If the movement has been so successful at getting physically disabled people the support they need to live in the community why are many of Roberts friends already living in Old peoples homes because their parents are just done in and can't cope any more. Why are we being threatened with this instead of Robert being given the support he needs?

Its been the same way in this area for his entire life - all the support went to people with learning disabilities (playschemes, out of school clubs etc) and the presumption was that physically disabled kids could just fit in with the mainstream. A lot of the mainstream places weren't accessible.

Even when Robert was in a Scout troup which was supposed to be for physically disabled kids my husband and I had to lift son and wheelchair up a number of stairs to get in to the building (as did the other parents with their physically disabled kids).

As he grew up he wasn't welcome in the groups for kids with learning disabilities - he tried it but all the kids with Downs syndrome kept hauling him out of his wheelchair so they could have a shot and it got to the stage where he was terrified to go back there again.

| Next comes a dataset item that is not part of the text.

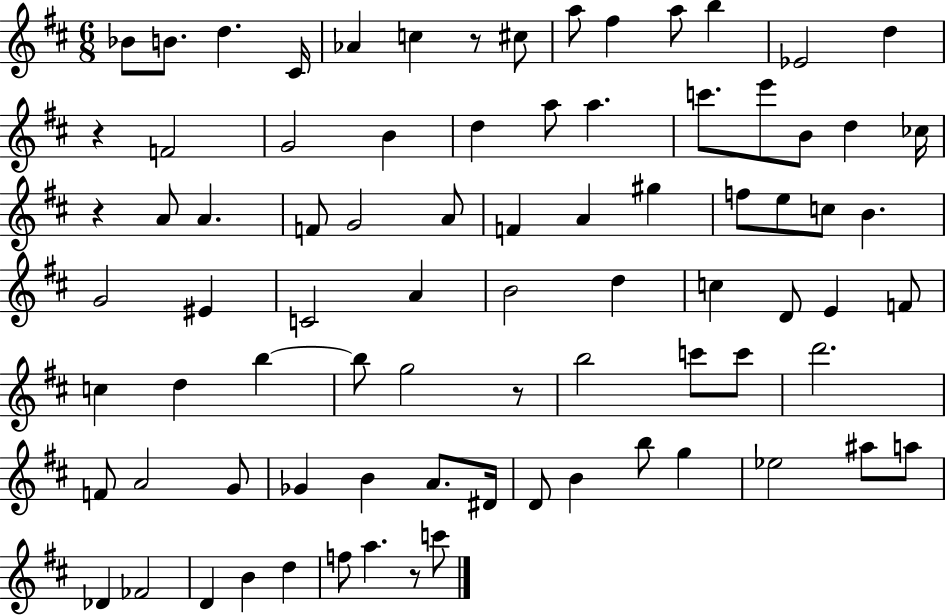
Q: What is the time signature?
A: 6/8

He wasn't welcome in the mainstream groups either as the able bodied kids just ignored him or bullied him.

Eun

Re: How much

Posted: Thu Nov 24, 2011 4:52 pm
by charles47
Eun, I can only speak generally, or about my own area - I can't speak for your area as I don't know it.

I agree that it's unfair from what you're saying about your own area but frankly if that is what the local council is doing there's a better than even chance they are breaking the law and that someone with the necessary knowledge could challenge them.

Re: How much

Posted: Thu Nov 24, 2011 5:14 pm
by ladybird
Looks like my post wasn't any use..well, worth a try I suppose.

Without wishing to get too off topic from the original post, there will always be other circumstances to be taken into account with disabilities of all kinds.

My daughter was excluded from practically all activities provided by our borough because she has mild learning difficulties not severe, same with her physical problems. It is the general consensus of opinion in this borough that she should be in some kind of education programme or voluntary work, as this was tried and failed on many occasions she just sat at home all day long as nothing else was suitable..her disability wasn't severe enough apparently. Discriminatory? Certainly was but the answer was the money pot is only so big.

Anoher thing to remember is that many kids with learning disabilities have physical disabilities and vice-versa, they are not necessarily seperate conditions. There are not that many options open to them either.